Et, en termes véhéments, je lui bonnis l’histoire. Si vous croyez qu’il se frappe, c’est que vous avez un caramel à la place du cervelet. Il conserve son calme et ne se permet même pas une exclamation.

— Je suis navré, fait-il une fois que je me suis tu, et ce d’un ton qui dément fortement son affirmation. Sincèrement navré.

— Moi encore plus que vous, monsieur le directeur. Alors je vais vous demander deux choses, primo d’envoyer chercher ma mère et de la faire conduire dans un endroit où je peux être assuré de sa sécurité, un couvent, par exemple. Deuxio, de vous occuper des funérailles de ma brave cousine.

— Qu’allez-vous faire ? s’inquiète-t-il.

— Le nécessaire, rétorqué-je méchamment. Et je puis vous certifier que si ça ne donne aucun résultat, vous recevrez ma démission en bon uniforme, comme dit Bérurier.

Il répond banco, car il est fairplay.

Un quart de plombe plus tard, une voiture vient chercher Félicie. Je lui ai préparé moi-même sa valoche et m’man est tellement abattue qu’elle se laisse embarquer sans dire ouf. Le maigre cadavre d’Adèle est toujours sur le plancher. Je n’ai pas le courage de m’occuper de sa dépouille. Un sang nouveau alimente mes veines : le sang de la vengeance, mes amis ! Pour commencer, j’envoie balader mon maquillage. Je suis pas cabot. La vérité sans fard ! Toute la vérité. Résurrection, par San-Antonio, première époque. Au prochain spectacle nous programmerons : « la Vengeance de San-Antonio ».

Adieu perruque, moustache, faux sourcils, boules de caoutchouc, fringues surannées, décorations, jambe raide et tout !

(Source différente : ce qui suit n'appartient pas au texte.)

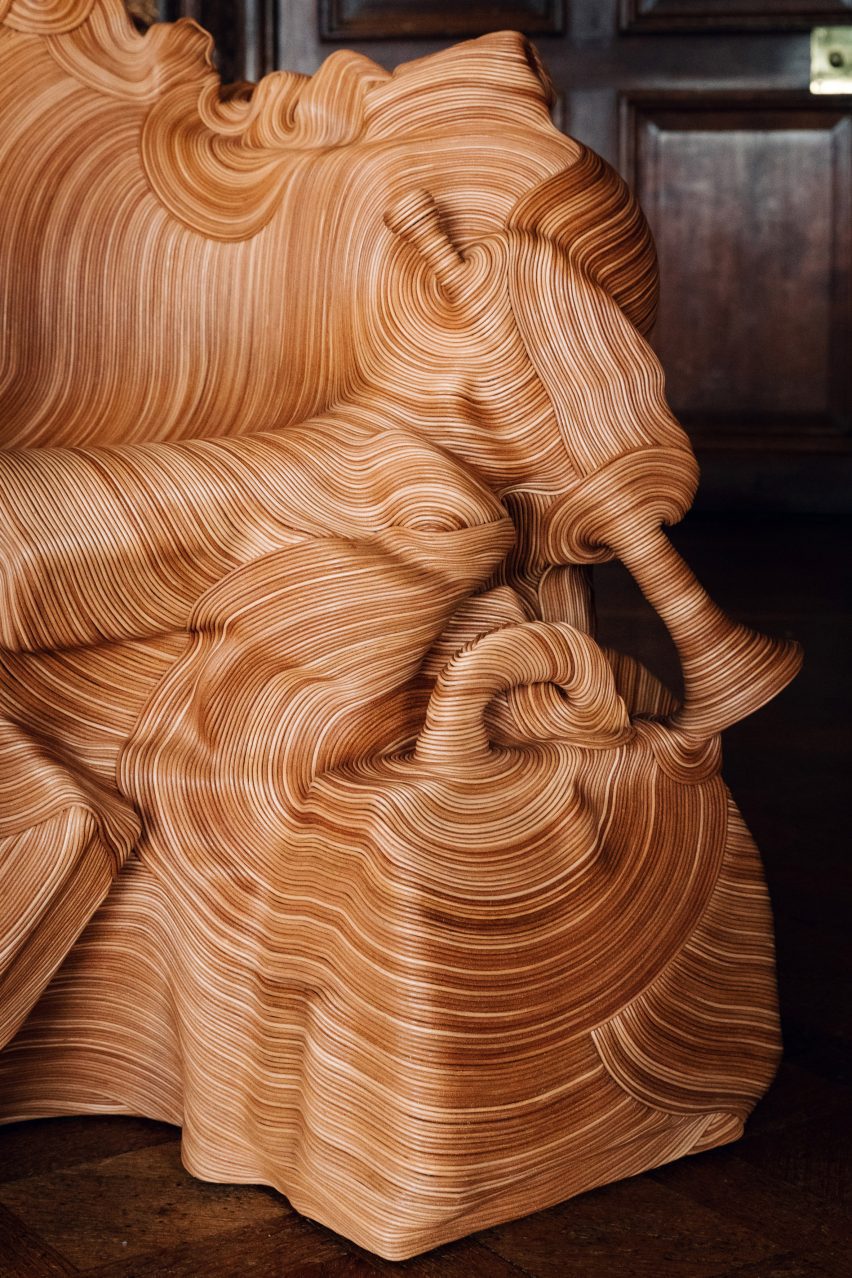 Close-up of chair wrapped in leather cords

Il se douche, San-A. Il se loque d’un costard aussi prince-de-galles que le fut M. Windsor, époux Simpson. Cravate en tricot noir. Pompes en daim noir. Il boucle son étui à cigares sous son bras. Il choisit dans sa collection personnelle un chouette instrument à guérir le hoquet. Il le dote d’un chargeur neuf. Il épingle sa plaque de poultok à son revers. Et il se sent prêt. Lazare, quoi, comme dirait Garcin (Garcin Lazare — il n’est pas fameux mais je m’en fous).

Il fait un soleil à ne pas mettre une motte de beurre dehors. Je fonce d’un pas déterminé jusqu’au petit hangar de cantonnier où deux poulets font le vingt-deux. Avant d’y parvenir, je me file des lunettes noires, larges comme celles de M. Marcel Achard, de l’Académie française par vocation, afin de ne pas leur cloquer le traczir.